Quant aux deux autres Européens qui l’accompagnaient, c’étaient deux métis, nés de femmes siamoises, qui lui servaient d’aides et de domestiques.

M. Duyshart m’avoua que notre rencontre lui avait causé les plus vives appréhensions. On lui avait dit à Luang Prabang qu’un certain nombre de Français remontaient le fleuve à la tête d’une troupe de Cambodgiens armés ; il connaissait vaguement la révolte qui venait d’ensanglanter le Cambodge, et il avait craint un instant de se trouver en présence d’une bande de maraudeurs et de pillards, qui pouvait lui faire un mauvais parti. Aussi avait-il cherché à éviter cette rencontre et ne s’était-il un peu rassuré qu’en voyant le radeau qui le précédait entrer en pourparlers amicaux avec nos barques. Il avait cependant jugé prudent de s’arrêter en aval, pour pouvoir au besoin détaler promptement.
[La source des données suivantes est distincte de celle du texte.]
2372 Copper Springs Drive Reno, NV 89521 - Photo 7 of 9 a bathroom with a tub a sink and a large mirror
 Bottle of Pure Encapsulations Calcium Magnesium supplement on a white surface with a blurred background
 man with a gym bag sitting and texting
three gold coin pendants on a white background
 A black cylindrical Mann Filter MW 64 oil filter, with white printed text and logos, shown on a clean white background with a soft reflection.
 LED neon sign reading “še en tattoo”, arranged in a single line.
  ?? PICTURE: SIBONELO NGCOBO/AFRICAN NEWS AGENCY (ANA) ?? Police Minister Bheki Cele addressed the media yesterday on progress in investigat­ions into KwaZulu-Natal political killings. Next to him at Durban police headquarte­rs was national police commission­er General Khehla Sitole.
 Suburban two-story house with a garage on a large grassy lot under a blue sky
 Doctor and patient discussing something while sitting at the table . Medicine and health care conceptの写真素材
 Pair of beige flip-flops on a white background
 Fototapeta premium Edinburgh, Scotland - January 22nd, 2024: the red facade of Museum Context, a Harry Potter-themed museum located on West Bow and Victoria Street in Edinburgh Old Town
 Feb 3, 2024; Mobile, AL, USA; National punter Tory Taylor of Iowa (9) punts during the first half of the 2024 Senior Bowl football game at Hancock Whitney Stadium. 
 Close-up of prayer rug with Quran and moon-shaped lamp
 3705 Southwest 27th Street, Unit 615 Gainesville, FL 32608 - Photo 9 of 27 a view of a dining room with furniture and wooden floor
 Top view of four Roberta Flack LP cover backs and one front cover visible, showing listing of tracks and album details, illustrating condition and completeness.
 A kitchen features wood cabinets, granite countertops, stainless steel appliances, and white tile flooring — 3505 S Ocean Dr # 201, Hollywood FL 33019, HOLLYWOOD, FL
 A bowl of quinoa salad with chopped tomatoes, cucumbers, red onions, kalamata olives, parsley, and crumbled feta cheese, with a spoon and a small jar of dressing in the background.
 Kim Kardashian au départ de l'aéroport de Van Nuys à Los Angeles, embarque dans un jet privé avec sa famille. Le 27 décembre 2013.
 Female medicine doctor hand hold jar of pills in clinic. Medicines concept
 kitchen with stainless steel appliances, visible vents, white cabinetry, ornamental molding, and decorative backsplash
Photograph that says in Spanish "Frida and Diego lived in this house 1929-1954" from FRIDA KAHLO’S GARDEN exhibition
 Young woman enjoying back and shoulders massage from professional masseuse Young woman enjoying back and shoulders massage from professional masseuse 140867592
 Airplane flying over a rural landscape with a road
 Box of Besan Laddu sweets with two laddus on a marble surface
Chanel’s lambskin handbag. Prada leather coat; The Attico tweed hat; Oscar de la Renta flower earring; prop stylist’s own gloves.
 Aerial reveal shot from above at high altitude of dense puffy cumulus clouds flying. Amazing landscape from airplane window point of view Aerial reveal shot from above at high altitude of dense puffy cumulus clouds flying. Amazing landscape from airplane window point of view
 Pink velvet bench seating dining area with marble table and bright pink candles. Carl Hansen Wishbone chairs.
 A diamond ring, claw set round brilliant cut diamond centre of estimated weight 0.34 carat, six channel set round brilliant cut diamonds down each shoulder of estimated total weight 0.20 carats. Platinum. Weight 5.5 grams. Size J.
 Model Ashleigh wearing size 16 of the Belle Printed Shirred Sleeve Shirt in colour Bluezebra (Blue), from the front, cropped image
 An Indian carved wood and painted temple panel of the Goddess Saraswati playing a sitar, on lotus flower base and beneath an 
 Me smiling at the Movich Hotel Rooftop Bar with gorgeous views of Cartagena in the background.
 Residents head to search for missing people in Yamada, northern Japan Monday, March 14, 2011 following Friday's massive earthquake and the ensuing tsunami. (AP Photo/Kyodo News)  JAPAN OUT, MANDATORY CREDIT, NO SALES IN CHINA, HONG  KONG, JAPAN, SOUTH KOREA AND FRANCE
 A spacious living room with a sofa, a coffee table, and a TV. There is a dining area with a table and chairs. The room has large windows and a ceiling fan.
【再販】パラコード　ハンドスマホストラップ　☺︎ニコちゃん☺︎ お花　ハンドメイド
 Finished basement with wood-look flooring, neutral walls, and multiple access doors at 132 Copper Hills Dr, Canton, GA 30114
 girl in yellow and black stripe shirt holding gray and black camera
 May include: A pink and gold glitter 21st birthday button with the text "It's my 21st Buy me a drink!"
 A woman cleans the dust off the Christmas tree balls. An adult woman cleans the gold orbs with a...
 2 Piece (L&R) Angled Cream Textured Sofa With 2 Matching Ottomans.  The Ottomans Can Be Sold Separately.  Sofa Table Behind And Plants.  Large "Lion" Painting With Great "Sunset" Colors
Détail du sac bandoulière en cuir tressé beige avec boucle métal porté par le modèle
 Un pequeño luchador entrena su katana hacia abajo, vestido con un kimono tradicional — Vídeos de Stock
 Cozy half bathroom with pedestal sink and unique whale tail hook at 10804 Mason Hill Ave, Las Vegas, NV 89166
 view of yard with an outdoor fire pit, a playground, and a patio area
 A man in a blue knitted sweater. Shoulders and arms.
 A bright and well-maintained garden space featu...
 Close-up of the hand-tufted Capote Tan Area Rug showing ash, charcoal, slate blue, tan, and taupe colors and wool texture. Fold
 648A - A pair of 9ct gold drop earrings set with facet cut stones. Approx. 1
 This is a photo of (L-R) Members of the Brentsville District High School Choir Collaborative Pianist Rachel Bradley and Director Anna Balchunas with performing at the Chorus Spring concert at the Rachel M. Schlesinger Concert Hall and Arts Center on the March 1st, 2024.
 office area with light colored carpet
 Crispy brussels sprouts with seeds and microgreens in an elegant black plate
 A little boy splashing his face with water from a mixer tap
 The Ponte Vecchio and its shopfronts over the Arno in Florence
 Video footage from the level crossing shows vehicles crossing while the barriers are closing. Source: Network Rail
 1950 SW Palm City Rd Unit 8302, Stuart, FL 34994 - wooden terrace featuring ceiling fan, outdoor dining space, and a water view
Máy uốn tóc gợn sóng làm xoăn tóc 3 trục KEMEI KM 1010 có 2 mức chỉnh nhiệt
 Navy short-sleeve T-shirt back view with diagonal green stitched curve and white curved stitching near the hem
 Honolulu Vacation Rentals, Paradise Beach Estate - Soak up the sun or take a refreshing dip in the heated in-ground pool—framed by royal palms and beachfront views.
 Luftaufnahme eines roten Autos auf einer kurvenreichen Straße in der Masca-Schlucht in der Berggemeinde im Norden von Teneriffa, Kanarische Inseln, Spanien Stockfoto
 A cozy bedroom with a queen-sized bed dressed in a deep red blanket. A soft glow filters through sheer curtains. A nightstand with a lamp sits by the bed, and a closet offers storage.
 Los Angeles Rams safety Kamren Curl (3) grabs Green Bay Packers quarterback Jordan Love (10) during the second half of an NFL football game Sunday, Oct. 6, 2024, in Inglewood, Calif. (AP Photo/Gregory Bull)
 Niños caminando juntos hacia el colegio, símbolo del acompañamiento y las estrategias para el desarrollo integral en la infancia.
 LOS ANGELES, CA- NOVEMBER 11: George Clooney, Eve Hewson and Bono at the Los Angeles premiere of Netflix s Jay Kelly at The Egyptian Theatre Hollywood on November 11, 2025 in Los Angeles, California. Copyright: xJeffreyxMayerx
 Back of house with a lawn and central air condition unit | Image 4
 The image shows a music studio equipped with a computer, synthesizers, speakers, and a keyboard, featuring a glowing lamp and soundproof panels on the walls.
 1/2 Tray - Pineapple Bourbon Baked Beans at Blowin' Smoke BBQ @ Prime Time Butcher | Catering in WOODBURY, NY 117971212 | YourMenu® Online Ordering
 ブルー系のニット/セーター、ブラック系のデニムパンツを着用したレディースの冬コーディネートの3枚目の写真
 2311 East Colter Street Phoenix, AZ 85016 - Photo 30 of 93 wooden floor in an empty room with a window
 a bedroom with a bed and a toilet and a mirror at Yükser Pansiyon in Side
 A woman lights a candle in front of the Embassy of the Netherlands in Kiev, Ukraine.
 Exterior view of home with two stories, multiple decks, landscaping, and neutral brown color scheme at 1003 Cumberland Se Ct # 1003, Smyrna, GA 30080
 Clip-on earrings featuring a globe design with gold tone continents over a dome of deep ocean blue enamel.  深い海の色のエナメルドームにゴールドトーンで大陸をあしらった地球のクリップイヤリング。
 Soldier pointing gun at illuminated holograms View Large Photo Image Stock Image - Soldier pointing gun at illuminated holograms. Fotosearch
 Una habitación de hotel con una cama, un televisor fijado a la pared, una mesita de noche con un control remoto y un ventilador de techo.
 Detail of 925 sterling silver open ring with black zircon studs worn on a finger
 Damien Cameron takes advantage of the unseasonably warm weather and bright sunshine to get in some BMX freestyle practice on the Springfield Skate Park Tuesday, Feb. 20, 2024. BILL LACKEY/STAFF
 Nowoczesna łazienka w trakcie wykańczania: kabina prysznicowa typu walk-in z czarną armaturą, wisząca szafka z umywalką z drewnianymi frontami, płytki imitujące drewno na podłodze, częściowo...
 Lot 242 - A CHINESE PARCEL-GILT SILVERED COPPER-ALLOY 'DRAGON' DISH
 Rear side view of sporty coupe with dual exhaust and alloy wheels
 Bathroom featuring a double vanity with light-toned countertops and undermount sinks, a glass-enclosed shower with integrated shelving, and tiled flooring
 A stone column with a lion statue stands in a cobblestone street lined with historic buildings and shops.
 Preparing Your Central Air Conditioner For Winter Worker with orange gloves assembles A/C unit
KENG SAO ET LES MONTAGNES DES ENVIRONS DE PAK LAY.

Ainsi, grâce aux exagérations des indigènes, nous nous étions des deux côtés alarmés inutilement. La mission de M. Duyshart était bien une mission scientifique ; mais son voyage n’avait pas la portée que nous lui avions attribuée. Il avait reconnu, il est vrai, le cours du Cambodge cent vingt milles au-dessus de Luang Prabang, mais il n’était pas sorti des limites des possessions siamoises. Xieng Khong, le point le plus haut qu’il eût atteint sur le fleuve, n’était que peu au-dessus du vingtième parallèle.

À Xien Khong, le Mékong paraissait venir du nord-ouest ; sa largeur et son débit restaient considérables ; mais, à partir de ce point, il s’engageait dans une contrée où les populations étaient en guerre les unes avec les autres et où M. Duyshart pensait qu’il nous serait impossible de pénétrer.